» **Your goal**:
Your task is to return all of the entries below exactly, leaving out each picture.

-------- Material provided

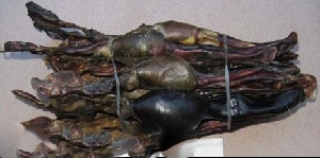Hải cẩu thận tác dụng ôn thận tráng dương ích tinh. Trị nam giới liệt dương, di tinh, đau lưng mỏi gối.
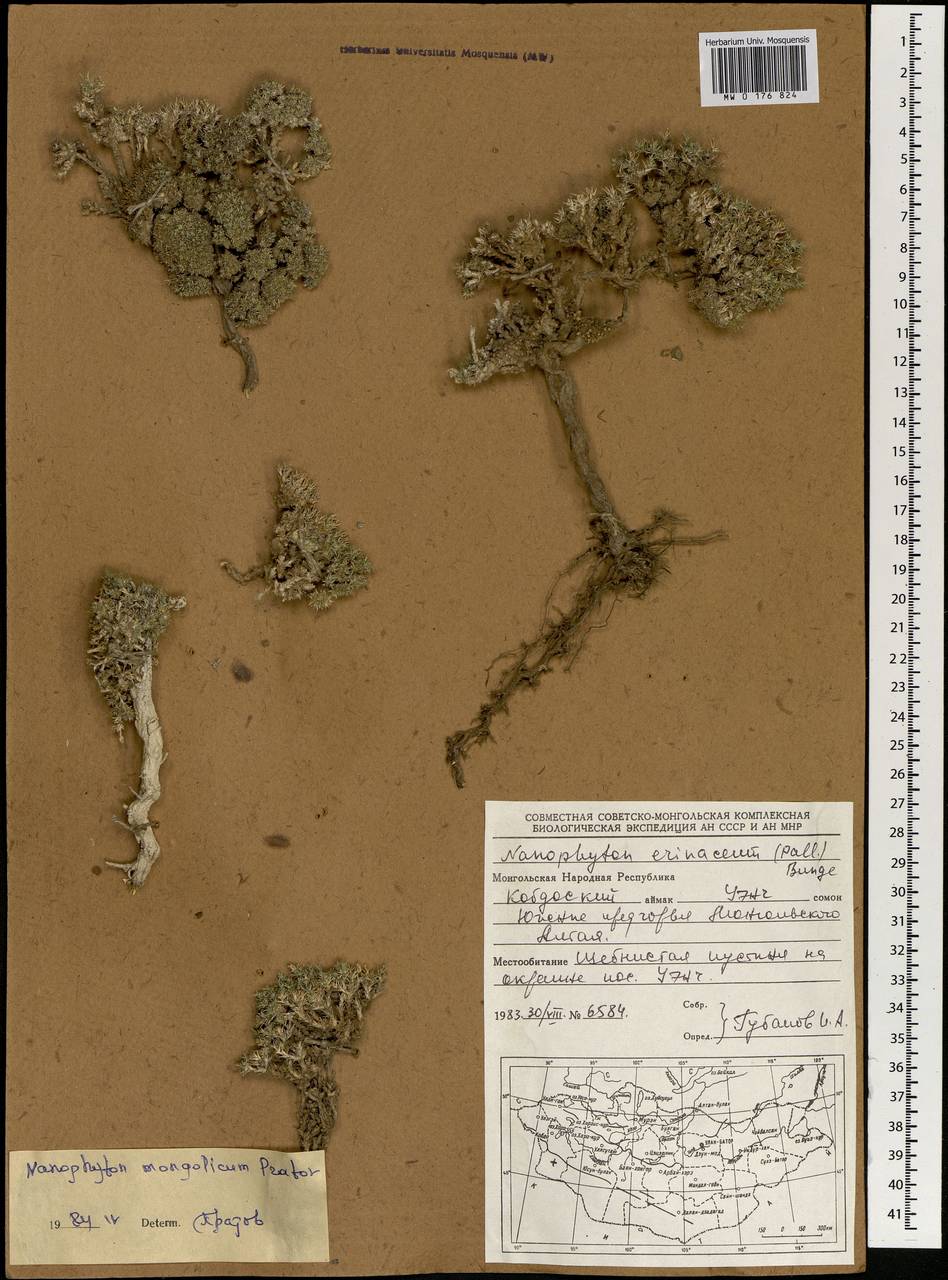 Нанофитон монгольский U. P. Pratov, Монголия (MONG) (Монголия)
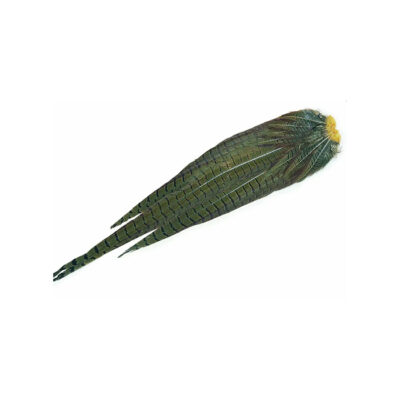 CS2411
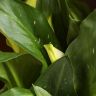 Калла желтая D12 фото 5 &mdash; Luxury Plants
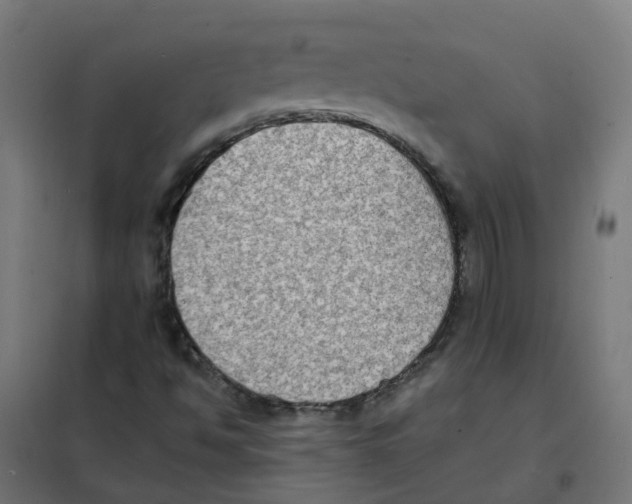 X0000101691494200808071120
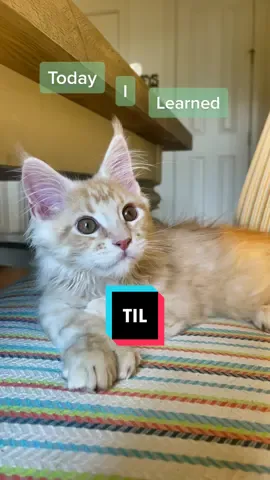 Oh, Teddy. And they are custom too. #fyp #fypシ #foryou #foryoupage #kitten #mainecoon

----------------

» **Solution to the problem**:
Hải cẩu thận tác dụng ôn thận tráng dương ích tinh. Trị nam giới liệt dương, di tinh, đau lưng mỏi gối.
 Нанофитон монгольский U. P. Pratov, Монголия (MONG) (Монголия)
 CS2411
 Калла желтая D12 фото 5 &mdash; Luxury Plants
 X0000101691494200808071120
 Oh, Teddy. And they are custom too. #fyp #fypシ #foryou #foryoupage #kitten #mainecoon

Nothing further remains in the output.